Its the second week of Liladays. And… Lila’s here. Asleep for now, as per instruction 1472.87A/9726:e71. And I’m glad, because otherwise she might have read in the paper about the terrible scandal of the Presidents Club annual charidee dinner at the Dorchester, no less. Which raised a quite amazing (until you read who was there) 2 million quid, which was given to various charities. Who’ve now all given it back. Cos its ‘tainted money’. Raised from drunk billionaires whilst they were groping and molesting women. It was, by all accounts, a tribute evening to Harvey Weinstein. As it has been every year. Molest 1 or more of the 130 ‘entertainment’ girls employed for the night, and to make you feel like your not a totally amoral abusive man-handling fucking neanderthal, bid on a ridiculously expensive item in the auction to correct the moral downslide. Which was concurrently downsliding all the way down a blonde’s cleavage. The other hand raised for the bid. “I’ll bid 50 GRANDDDD”, he would slur, having drunk his fill of very expensive champers and 40 year old single malts, “for a 20 minute ride on a Boris bike acherley signed by Boris hissself, hic!” Then this suave and debonair gentleman would undo his £5,000 Armani dinner suit and slap his dick on the table. Haaaaa!!!… (drunken laughter all round at the ultimate nob-joke). And that’s why the President’s Club doesn’t admit women. Unless they have a nob they can slap on the table. Though it can’t be someone else’s.

How this has endured for 35 years is almost beyond imagination. But only almost. Because whatever the facade of chauffeur-driven high browiness and nouveau-riche purchased attempts at ‘class’, even Lords and true gents, they’re just men/boys. And you can take the boys out of the sleaze but, apparently, you can never take the sleaze out of these boys. Who will all doubtless feel a sense of entitlement just due to their wealth if nothing else.

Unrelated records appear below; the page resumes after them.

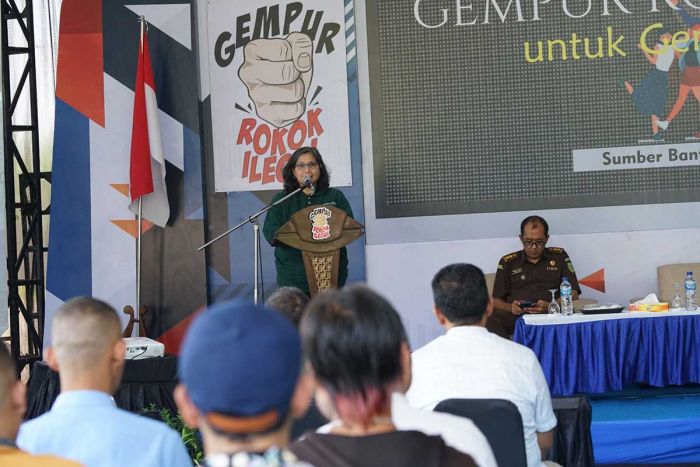 Sosialisasi Gempur Rokok Ilegal, Pj Wali Kota Kediri Yakin Karang Taruna Jadi Jembatan Komunikasi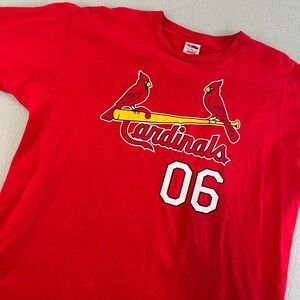 St‎ Louis Cardinals 2006 World Series Champions Red T Shirt Size XL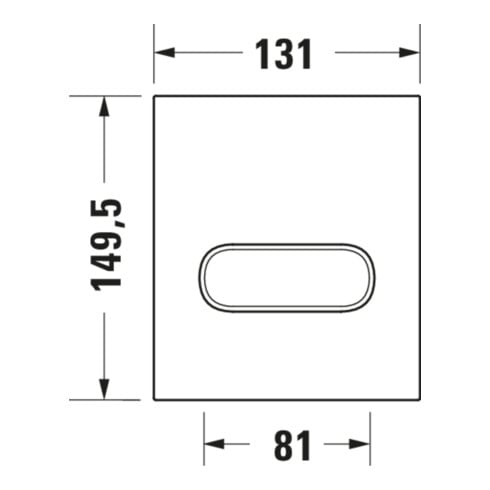 Duravit Betätigungsplatte DuraSystem 13,1x15cm, mech., f Uri. A1, gol poliert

The ‘entertainer’ girls sign a massive disclaimer that also silences them ‘for ever’. What happens in the Dorchester stays in the Dorchester. Until this week. When one of those girls, this one an undercover (nothing sleazy in that, its what you call spying in the journo world) reporter for the Financial Times. And she was groped by billionaires, fondled by financiers, molested by moguls and generally was totally appalled and amazed at what happened there on such an industrial scale.

All the girls should have worn pre-emptive ‘me too’ dresses. Or perhaps ‘me to, ya muthafucka’.

What’s perhaps most incredible is the timing of this event. Right at the very tipping point over the entire globe, well, the western bit of it, when the zeitgeist is massively against ‘boys just being boys’ when its at the expense of the girls, and yet it went ahead anyway, with no change to its mission statement.

Lucky I hid it before Lila saw it, or chewed it.